Specialist Carry :: Rock Climber

by , June 18, 2014

Jasmin Caton is a woman that frankly rocks at rock climbing. An ACMG rock guide and assistant ski guide as well as a rock climbing ambassador for Patagonia, Jasmin is no stranger to globe-hopping for her passion, having climbed in France, Greece, Canada, Greenland, the USA, Mexico, Italy, Thailand and Australia. We were eager to find out more about Jasmin's sport and the carry she uses to pursue it and she kindly agreed to share her insights about the challenging but rewarding world of rock climbing...

What makes a great rock climber?

A great rock climber has passion for climbing, is motivated and excited by challenges, recognizes limitations in their skills or experience and manages themselves safely and with respect for other climbers and the environment. The most accomplished rock climbers I know think positively, do not become overly disappointed by setbacks and find adventure in every aspect of climbing.

Any guiding philosophies you live by?

Time is more valuable than money.

What do you dig more: climbing for fun or for competition?

I only climb for fun. Even the few competitions I have done have been purely for fun. I drive myself hard enough just competing with myself that I don't have any desire to compete with other climbers. Competitions would just draw me away from why I climb – to spend time in the fresh air with my friends.

jasmin2(photography by Chris Christie)

 

What carry challenges do you face when you’re trekking through the mountains?

I tend to favour light, simple packs that can both be used for approaches and ascents.
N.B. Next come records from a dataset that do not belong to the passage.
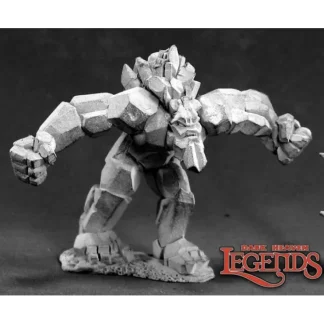 Fashion Reaper Crystal Golem (metal) 02954 - Miniature Marvels: Airplane Models & Painted Dice Reaper Miniatures
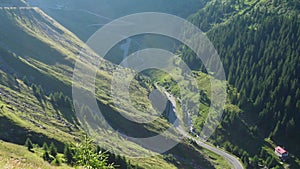 View of famous romanian road Transfagaras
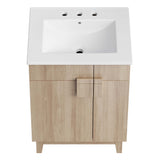 Summit 24" Bathroom Vanity in White Oak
However, on long approaches with a heavy load these types of packs don't adequately cushion the shoulders, sacrum and iliac crest areas, leading to painful bruising and chaffing.

these types of packs don't adequately cushion the shoulders, sacrum and iliac crest areas, leading to painful bruising and chaffing.

So what’s important design-wise?

Minimalism is extremely important. Every extraneous zipper, pocket and seam adds weight and a potential failure point to a pack. Durability is also important, I have been on several climbs where the rock damage to the exterior of packs caused by hauling them up the cliff has threatened to end the climb. Materials that are both light and abrasion-resistant are very important for rock climbing-specific packs.

Have you ever had to modify any of your gear to suit your needs?

I've definitely cut straps off of packs, removed waist belts or replaced them with different ones. Added longer zipper pulls. Patched with duct tape.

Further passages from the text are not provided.